Brief:
Reproduce the whole listing that follows, character for character, and drop the images.
------ Source material
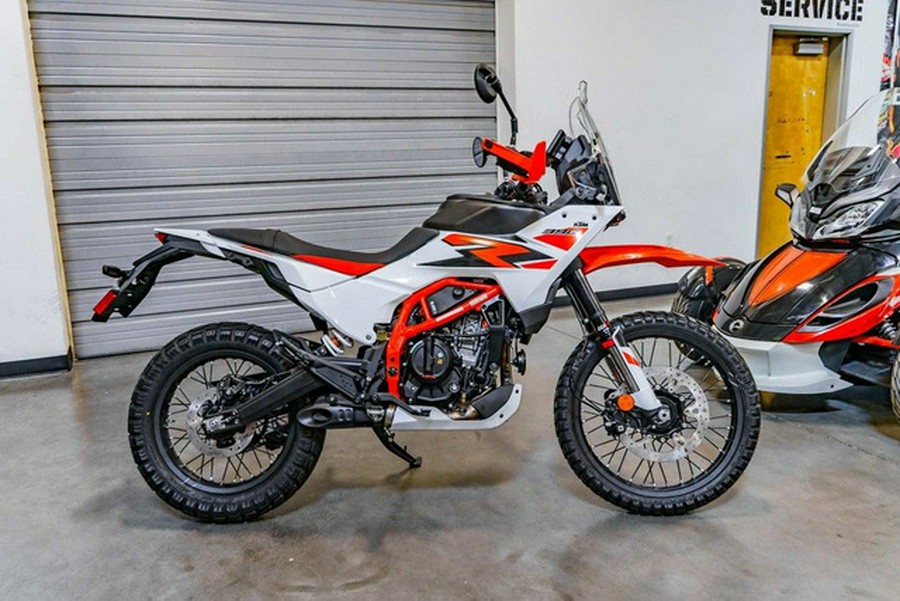 2026 KTM 390 Adventure R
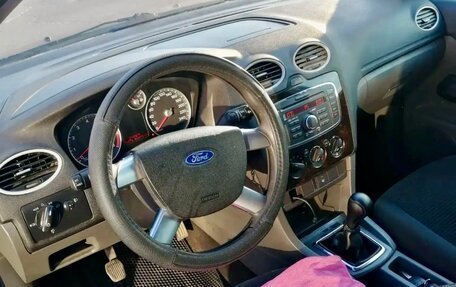 Ford Focus II рестайлинг, 2007 год, 365 000 рублей, 12 фотография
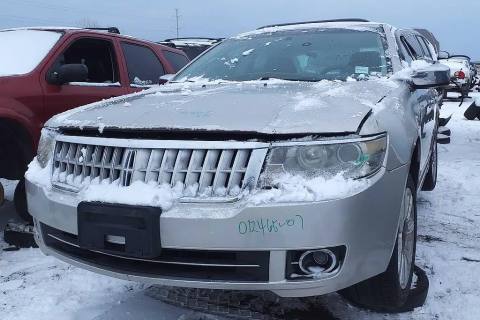 Photo of 2007 Lincoln Mkz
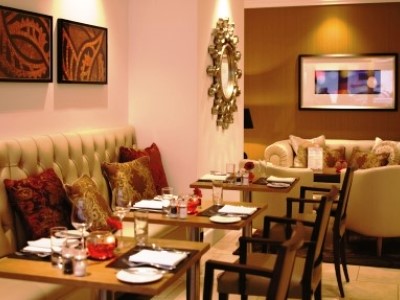 restaurant - hotel jumeirah lowndes - london, united kingdom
------------
Finished exercise:
 2026 KTM 390 Adventure R
 Ford Focus II рестайлинг, 2007 год, 365 000 рублей, 12 фотография
 Photo of 2007 Lincoln Mkz
 restaurant - hotel jumeirah lowndes - london, united kingdom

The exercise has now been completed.